A 17-year old in Austin, Texas with what police describe as an “extensive history” of aggravated robbery was shot by his intended victim this week. Police say that Jaylyn Reed, who was supposed to be on electronic monitoring, had a stolen gun on him when he tried to rob two people at an upscale outdoor mall in the Texas capital.
Little did Reed know that one of his intended victims had a gun of their own, and was prepared to use it in self-defense.
At 4:11 p.m. the suspect came up behind two people who were walking through a parking lot at 3400 Palm Way, which is in The Domain shopping center, according to an arrest affidavit. The victims told police he had a black shirt wrapped around his face and pointed a gun at the two as he took a shopping bag and a backpack from one of them.
The suspect started getting into a car and pointed a gun at one of the victims who was yelling and walking toward him, the other pulled out a concealed pistol and shot the suspect.
According to an affidavit related to one of the people accused of being in the car, Reed dropped the gun he had at the scene. Police later said it was stolen.
The suspect left in the car, but didn’t get far before a passenger called 911 for help and police responded. The victims’ property was found in the vehicle, the affidavit said.
“Reed had been ordered by a Travis County Judge to wear an ankle monitor, which has been removed from his person,” the affidavit said.
Police say that Reed is a suspect in at least nine other robberies across the city over the past few weeks, along with one other juvenile and two 18-year old defendants. The case raises all kinds of questions, particularly since he had allegedly removed the electronic monitoring device that he was supposed to wear. Did the company that oversees the monitors alert authorities when it was cut off? Were police even aware? What good is electronic monitoring when the individual in question apparently isn’t being monitored at all?

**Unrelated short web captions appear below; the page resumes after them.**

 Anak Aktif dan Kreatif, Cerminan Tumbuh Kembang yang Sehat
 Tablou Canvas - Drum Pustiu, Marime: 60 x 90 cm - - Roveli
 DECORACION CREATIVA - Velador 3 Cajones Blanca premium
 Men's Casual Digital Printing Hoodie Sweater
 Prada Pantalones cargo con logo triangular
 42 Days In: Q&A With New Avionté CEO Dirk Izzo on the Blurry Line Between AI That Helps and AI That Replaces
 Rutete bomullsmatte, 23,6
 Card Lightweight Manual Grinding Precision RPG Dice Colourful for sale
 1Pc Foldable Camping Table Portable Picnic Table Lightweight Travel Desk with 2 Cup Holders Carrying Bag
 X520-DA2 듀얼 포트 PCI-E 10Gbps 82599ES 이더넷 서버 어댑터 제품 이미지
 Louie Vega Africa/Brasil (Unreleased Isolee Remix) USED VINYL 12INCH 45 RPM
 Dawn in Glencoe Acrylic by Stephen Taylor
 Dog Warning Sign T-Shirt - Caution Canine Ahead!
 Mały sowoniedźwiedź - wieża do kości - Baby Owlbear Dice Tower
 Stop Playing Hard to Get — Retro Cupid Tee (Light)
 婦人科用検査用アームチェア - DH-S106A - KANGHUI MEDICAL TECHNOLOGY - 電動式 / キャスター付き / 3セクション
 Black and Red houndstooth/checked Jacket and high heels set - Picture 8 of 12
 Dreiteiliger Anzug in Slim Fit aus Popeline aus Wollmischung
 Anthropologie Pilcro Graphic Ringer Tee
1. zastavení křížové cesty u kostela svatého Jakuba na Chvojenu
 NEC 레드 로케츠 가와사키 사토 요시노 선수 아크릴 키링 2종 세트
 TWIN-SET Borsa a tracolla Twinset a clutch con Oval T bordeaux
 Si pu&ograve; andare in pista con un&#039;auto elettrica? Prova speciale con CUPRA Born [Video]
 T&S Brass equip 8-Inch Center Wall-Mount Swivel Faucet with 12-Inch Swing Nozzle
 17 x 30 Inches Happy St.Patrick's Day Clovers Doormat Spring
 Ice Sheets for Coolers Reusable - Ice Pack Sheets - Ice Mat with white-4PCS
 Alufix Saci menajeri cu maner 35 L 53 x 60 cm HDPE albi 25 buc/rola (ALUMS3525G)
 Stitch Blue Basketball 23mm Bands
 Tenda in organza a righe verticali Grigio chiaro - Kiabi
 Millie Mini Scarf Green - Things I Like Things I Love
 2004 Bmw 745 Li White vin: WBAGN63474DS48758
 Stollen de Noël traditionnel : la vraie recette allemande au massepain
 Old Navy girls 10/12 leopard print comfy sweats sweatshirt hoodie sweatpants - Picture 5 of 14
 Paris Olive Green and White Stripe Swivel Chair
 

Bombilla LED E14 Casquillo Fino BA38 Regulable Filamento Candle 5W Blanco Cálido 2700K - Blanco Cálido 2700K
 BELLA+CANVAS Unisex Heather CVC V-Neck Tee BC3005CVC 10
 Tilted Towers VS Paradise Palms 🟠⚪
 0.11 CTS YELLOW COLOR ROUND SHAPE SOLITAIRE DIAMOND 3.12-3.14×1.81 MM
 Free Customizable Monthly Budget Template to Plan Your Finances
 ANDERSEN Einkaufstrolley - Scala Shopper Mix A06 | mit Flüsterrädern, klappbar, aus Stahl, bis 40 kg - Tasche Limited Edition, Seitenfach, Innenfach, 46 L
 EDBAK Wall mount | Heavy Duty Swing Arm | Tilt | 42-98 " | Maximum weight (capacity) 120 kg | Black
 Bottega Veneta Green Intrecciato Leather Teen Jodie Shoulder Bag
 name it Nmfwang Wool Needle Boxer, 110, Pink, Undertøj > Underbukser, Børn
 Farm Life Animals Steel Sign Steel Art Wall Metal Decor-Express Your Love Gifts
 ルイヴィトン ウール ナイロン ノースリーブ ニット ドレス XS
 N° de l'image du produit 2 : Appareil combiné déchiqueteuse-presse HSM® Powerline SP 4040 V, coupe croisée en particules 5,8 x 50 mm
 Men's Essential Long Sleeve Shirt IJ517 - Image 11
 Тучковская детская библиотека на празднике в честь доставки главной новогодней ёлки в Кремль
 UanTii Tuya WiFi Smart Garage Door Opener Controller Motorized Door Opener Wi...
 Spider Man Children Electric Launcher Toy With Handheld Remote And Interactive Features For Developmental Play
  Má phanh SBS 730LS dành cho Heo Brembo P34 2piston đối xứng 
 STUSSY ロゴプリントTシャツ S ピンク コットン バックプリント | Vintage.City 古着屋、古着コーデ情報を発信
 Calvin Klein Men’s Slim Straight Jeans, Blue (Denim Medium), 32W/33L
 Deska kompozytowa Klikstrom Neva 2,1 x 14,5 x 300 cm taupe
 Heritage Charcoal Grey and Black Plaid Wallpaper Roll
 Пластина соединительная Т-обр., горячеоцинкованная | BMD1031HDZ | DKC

The fact that a 17-year old can even have an “extensive history of aggravated robberies” is also a sign that the juvenile justice system needs a serious overhaul. I’m reminded of the dad who recently pleaded with authorities to give his own 14-year old son a tougher sentence after receiving just three weeks in juvenile detention after stealing nearly two dozen firearms along with his 11-year old brother.
“All they keep doing is keep giving him 21 days, 21 days, a slap on the wrist,” the boys’ father said.
His elder son thinks he can get away with it, he said.
“I want them to stick him in boot camp or some sort of place you know where he has to follow rules because I’m trying and it’s not working and I don’t want to hurt the boy but he tries to jump on me and everything,” their father said.
Their father said he believes his sons wanted the guns to rob people. But, he is scared they will wind up dead or killing someone else.
Records show the Cape Coral Police Department was called 13 times in the past year to the home of the two young brothers.
The father said some of those times were him calling the cops on his own sons.
The father confirmed what police said about the 14-year-old, that he’s got a criminal record.
But his younger son is often coerced into bad behavior by his older brother, the father said.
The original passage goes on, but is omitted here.